## Task prompt
Extract the text of each entry below exactly, leaving every image behind.

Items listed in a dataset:

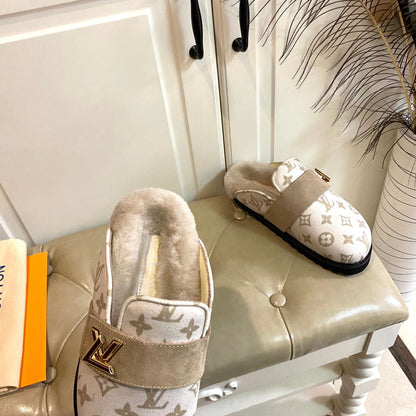 COSY FLAT COMFORT CLOG IN BEIGE MONOGRAM FABRIC AND SUEDE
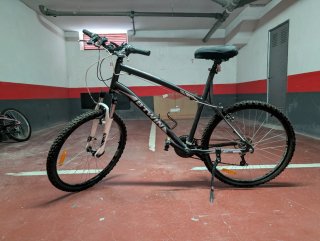 Bicicleta B'TWIN MTB Negra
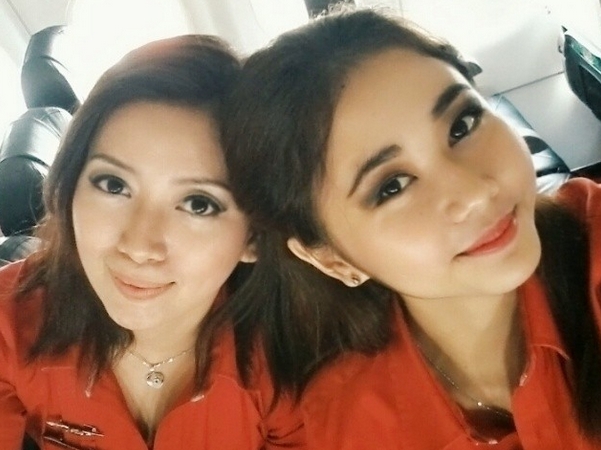 Aneka Foto Selfie Pramugari Cantik AirAsia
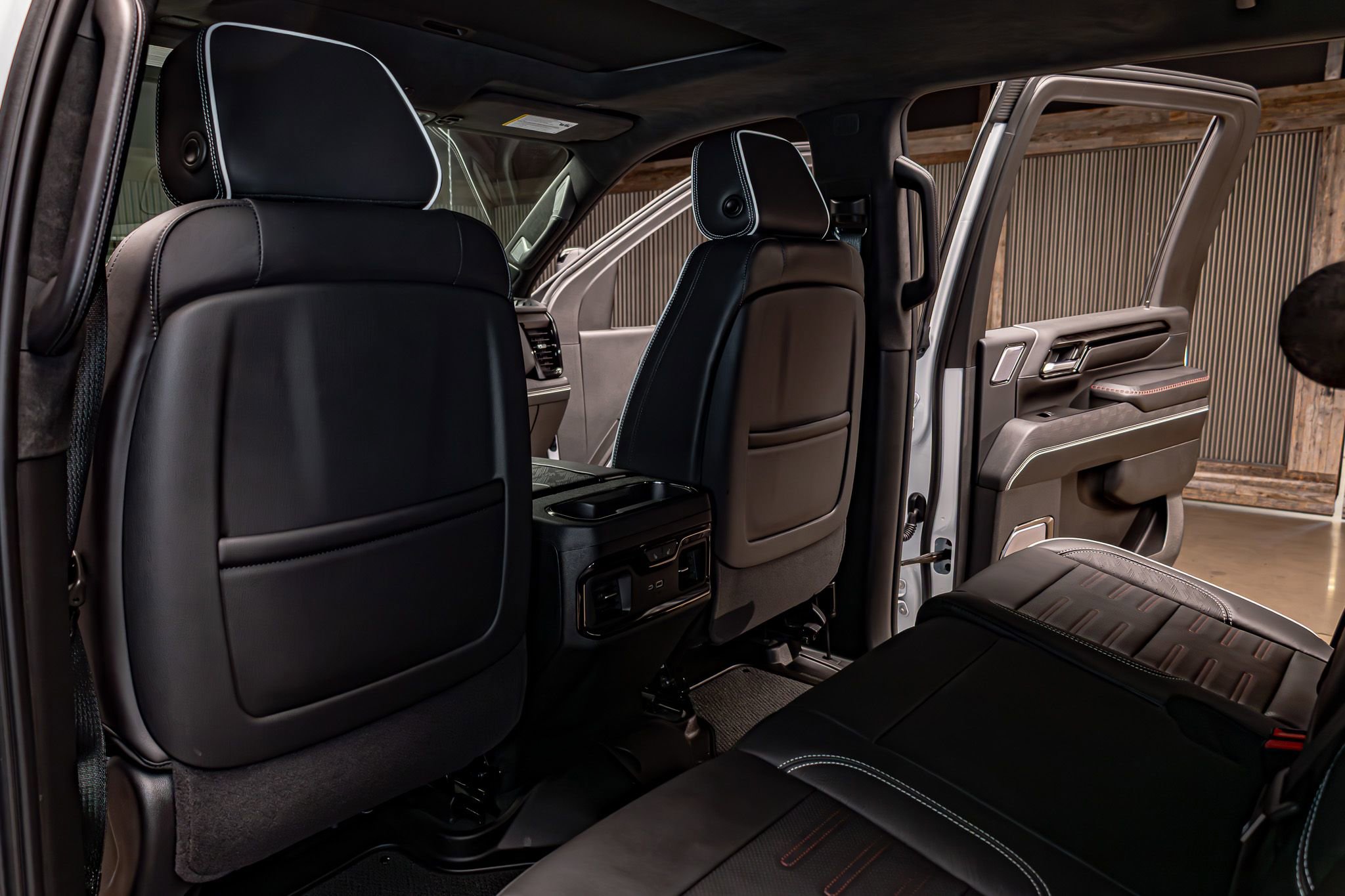 Used 2025 GMC Sierra 2500 AT4X image 25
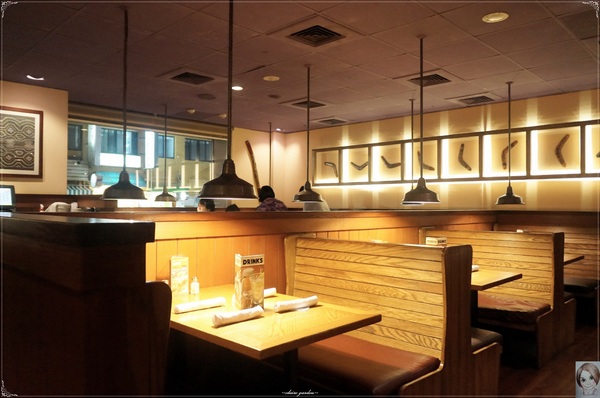 澳美客Outback Steakhouse(台北敦化店)：[試吃] 友善餐廳 澳美客牛排 outback (敦北店)~炭火烤的好滋味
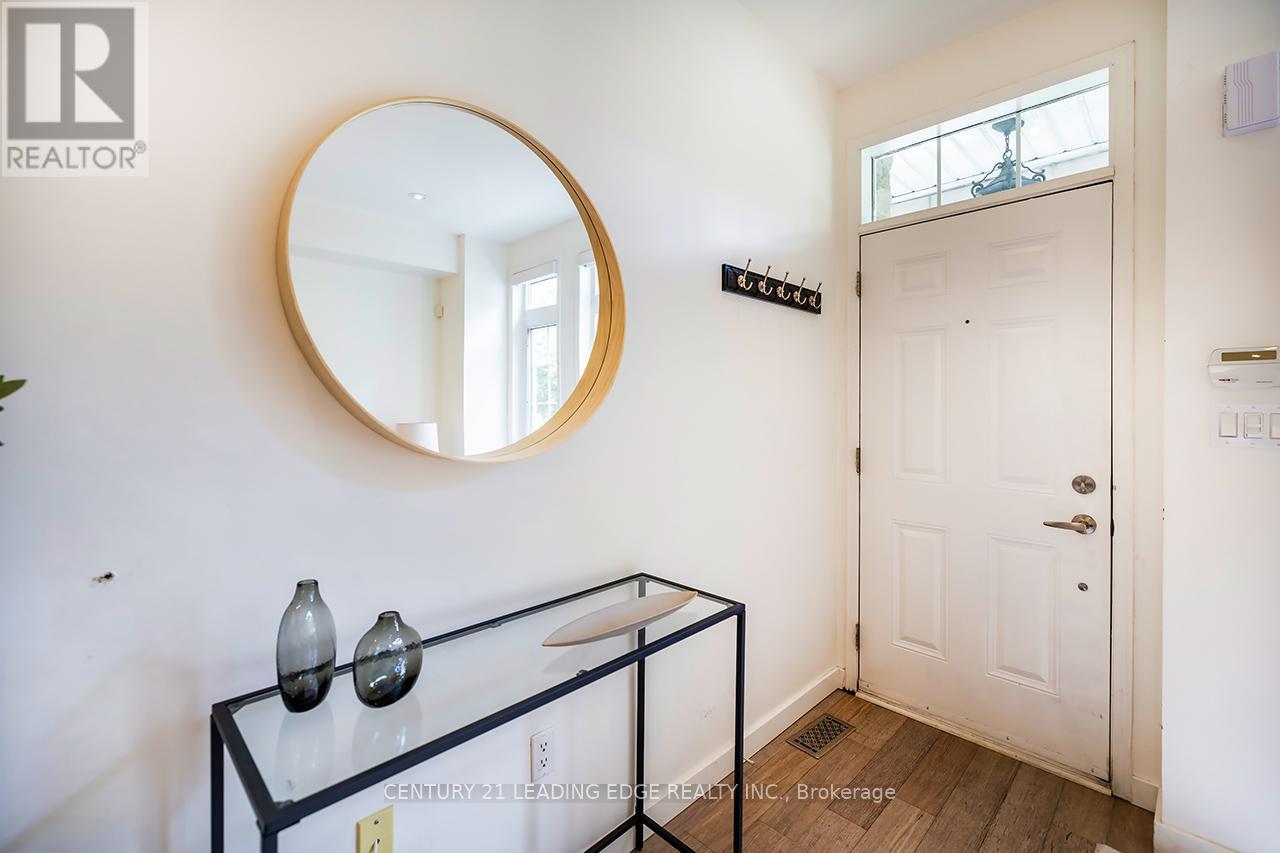 Th57 - 113 The Queensway, Toronto, Ontario  M6S 5B4 - Photo 19 - W12468099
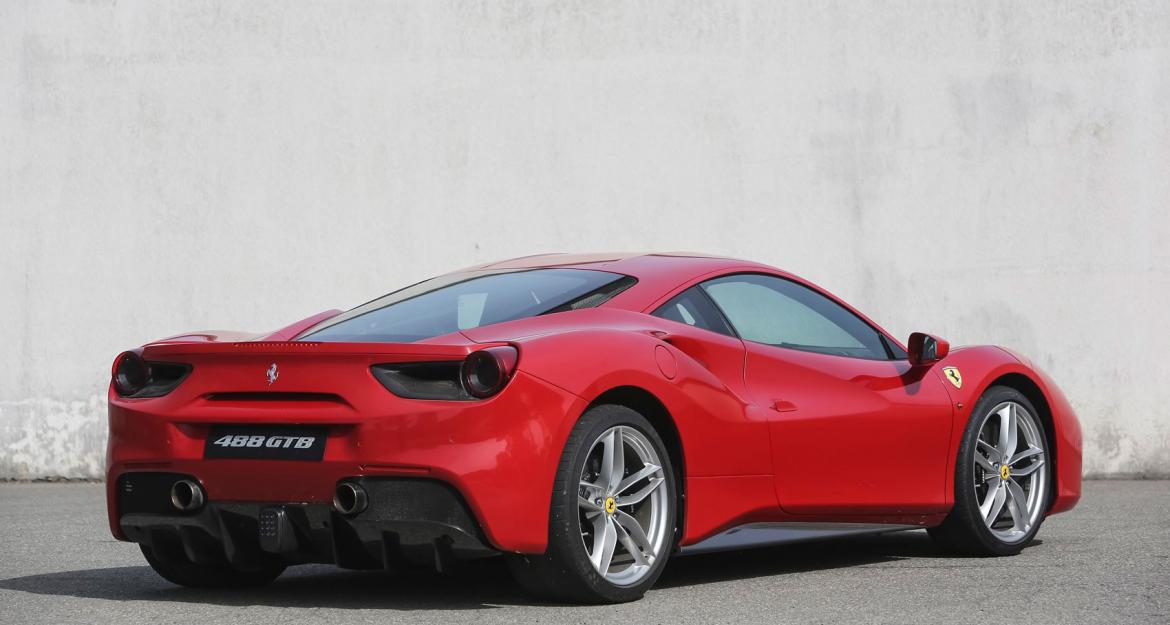 Με 700 ίππους έρχεται η Ferrari 488 τo 2018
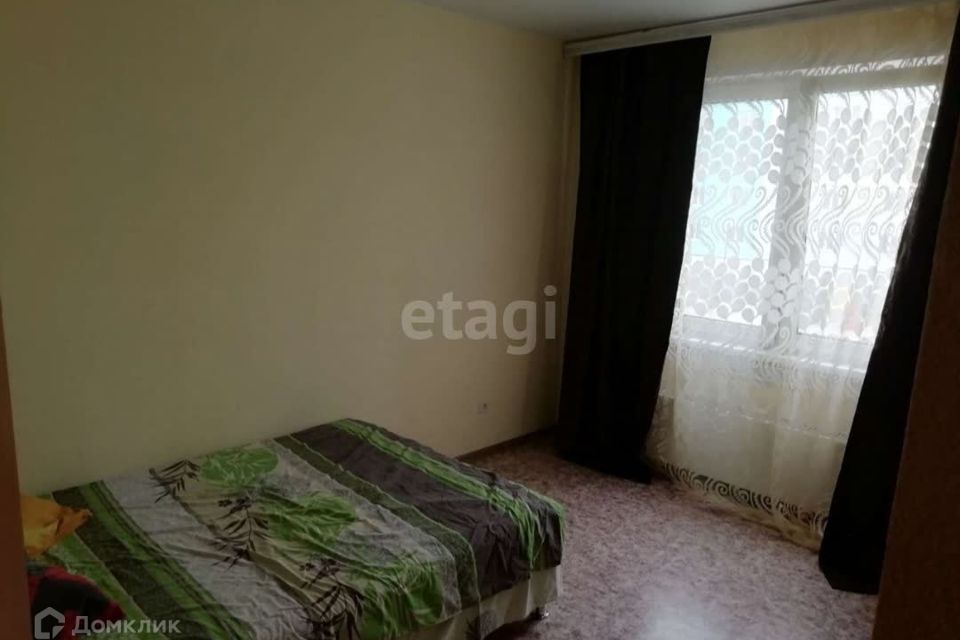 Продаётся 1-комнатная квартира, 41.5 м²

## Answer section
 COSY FLAT COMFORT CLOG IN BEIGE MONOGRAM FABRIC AND SUEDE
 Bicicleta B'TWIN MTB Negra
 Aneka Foto Selfie Pramugari Cantik AirAsia
 Used 2025 GMC Sierra 2500 AT4X image 25
 澳美客Outback Steakhouse(台北敦化店)：[試吃] 友善餐廳 澳美客牛排 outback (敦北店)~炭火烤的好滋味
 Th57 - 113 The Queensway, Toronto, Ontario  M6S 5B4 - Photo 19 - W12468099
 Με 700 ίππους έρχεται η Ferrari 488 τo 2018
 Продаётся 1-комнатная квартира, 41.5 м²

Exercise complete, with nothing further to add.